*DATASET CONTENT*.
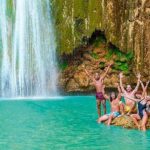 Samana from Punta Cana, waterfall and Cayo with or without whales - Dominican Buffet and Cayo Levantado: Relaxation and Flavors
--
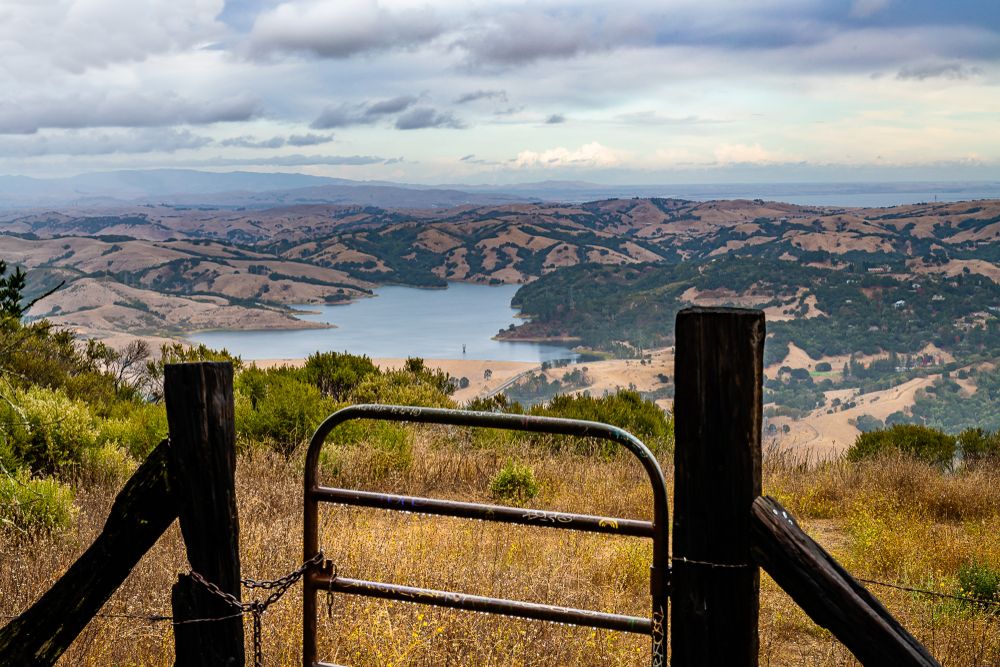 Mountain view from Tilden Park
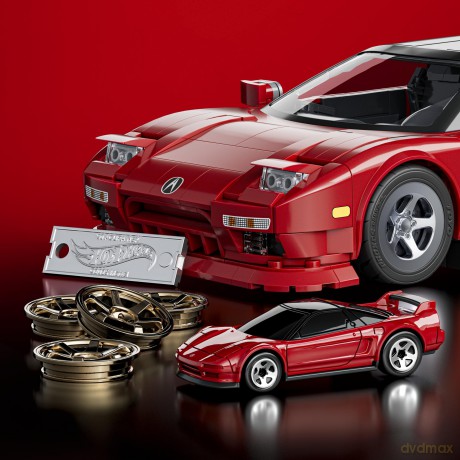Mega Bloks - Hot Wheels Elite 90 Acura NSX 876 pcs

*INSTRUCTIONS TO FOLLOW*.
Only the lines of the listing above from the one with "Mountain view from Tilden Park" through the one with "Mega Bloks - Hot" should be output, exactly, with both ends kept and pictures left out.

*COMPLETED EXERCISE*.
 Mountain view from Tilden Park
Mega Bloks - Hot Wheels Elite 90 Acura NSX 876 pcs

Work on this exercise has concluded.